The architecture follows a standard enterprise big data datalake pattern with layers for business intelligence and machine learning.
The demo provisions and deploys the following:
- AWS S3 for data storage
- AWS Lambda scripts (Python) for both sourcing data from public API's and triggering other AWS services
- AWS Glue scripts (Scala) for ETL'ing data into parquet
- AWS Glue crawlers to populate the Glue Data Catalog
- AWS Athena tables for the analytical layer
- AWS Athena views the Business Intelligence layer
- AWS Athena Workgroup for controlling data access
- AWS DynamoDB tables for storing data flow state
- AWS Comprehend for key-value entity extraction
- AWS Step Functions for pipeline orchestration
- AWS CloudWatch for logging
- AWS IAM roles and policies for fine-grained control and access
- AWS KMS keys for data encryption at rest
For this demo it consumes data from a single api (best buy), however the pattern can be scaled out for other datasources (api/ftp/sql/etc).
- Clone repo:
git clone git@github.com:jhole89/serverless-data-pipelines-demo.git
- Initialise terraform:
terraform init
- Copy tfvars template:
cp terraform.tfvars.template terraform.tfvars
- Fill in
terraform.tfvars
with your AWS account key and Best Byy API key - Apply terraform plan:
terraform apply --auto-approve
- you should see the following output... Apply complete!
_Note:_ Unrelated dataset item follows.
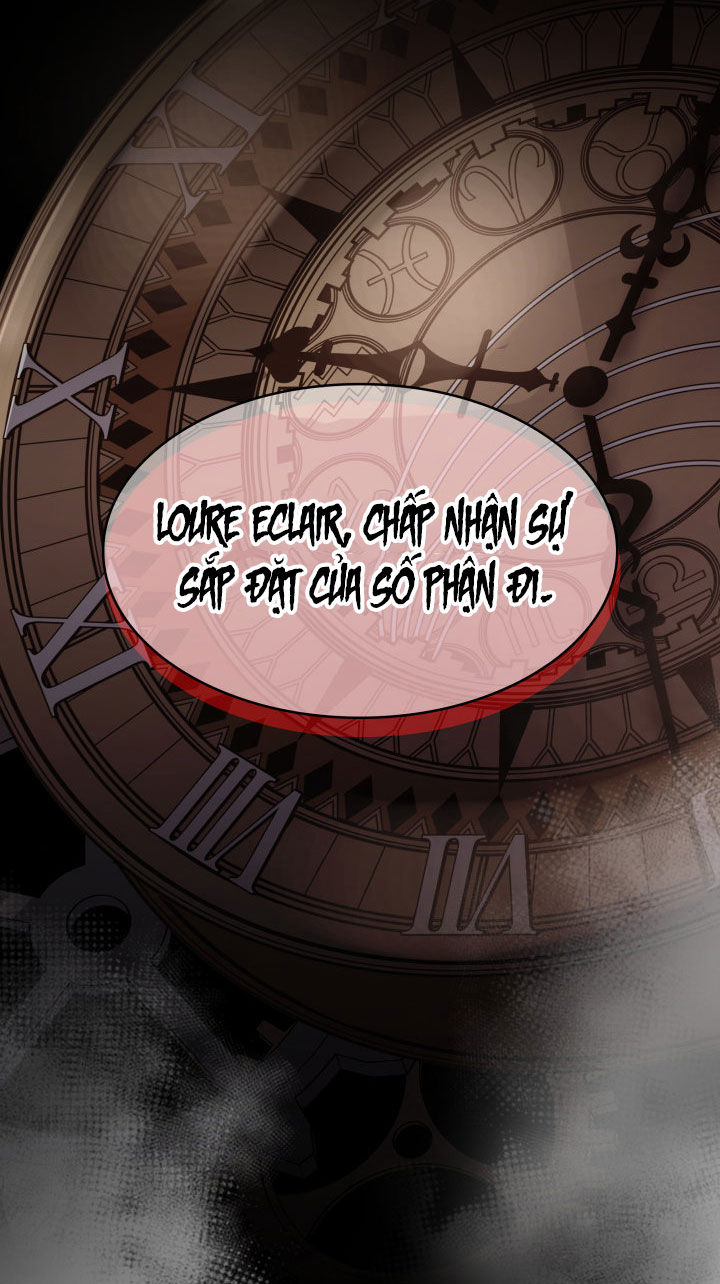 từ ác nữ tôi phải trở thành một người mẹ chapter 23.2 35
Resources: 82 added, 0 changed, 0 destroyed.
-
Log into your AWS account and head to the Step Functions page, you should now see a recently created state machine:
-
Runs on a CRON schedule but can also trigger using a test by grabbing the CRON schedule input from the
api_manual_trigger
build output.
Once no longer required you can remove all resources:
terraform destroy --auto-apply
...
...
Destroy complete! Resources: 82 destroyed.